Input data below:

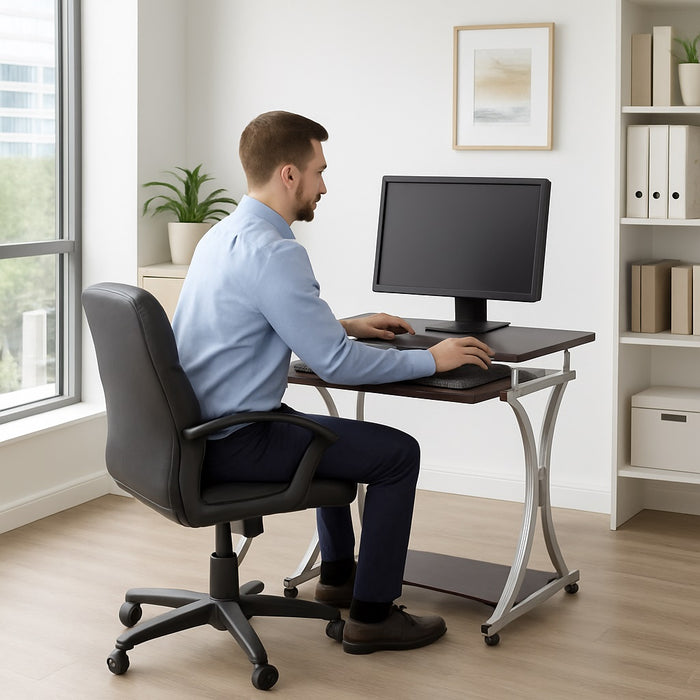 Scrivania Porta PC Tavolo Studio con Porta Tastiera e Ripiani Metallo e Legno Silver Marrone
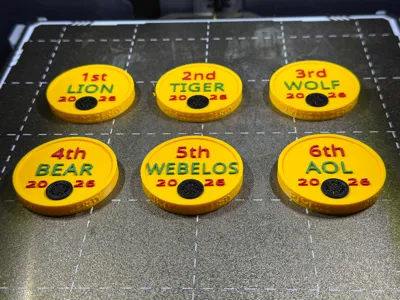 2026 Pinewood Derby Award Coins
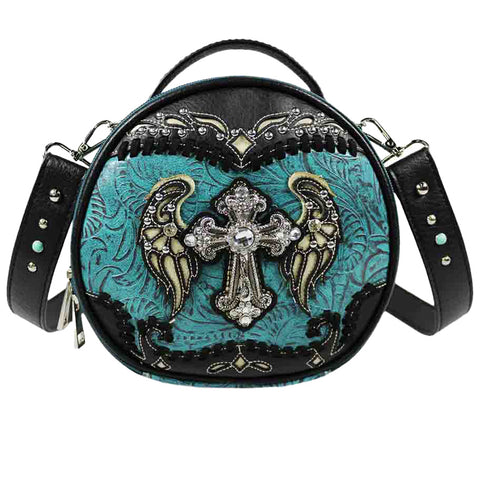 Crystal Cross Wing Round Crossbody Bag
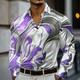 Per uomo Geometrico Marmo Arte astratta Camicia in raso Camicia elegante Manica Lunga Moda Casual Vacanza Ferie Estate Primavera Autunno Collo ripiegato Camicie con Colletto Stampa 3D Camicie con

End of Input data.

A faithful transcription of the material, with no pictures, is the expected result.

- **Response**
 Scrivania Porta PC Tavolo Studio con Porta Tastiera e Ripiani Metallo e Legno Silver Marrone
 2026 Pinewood Derby Award Coins
 Crystal Cross Wing Round Crossbody Bag
 Per uomo Geometrico Marmo Arte astratta Camicia in raso Camicia elegante Manica Lunga Moda Casual Vacanza Ferie Estate Primavera Autunno Collo ripiegato Camicie con Colletto Stampa 3D Camicie con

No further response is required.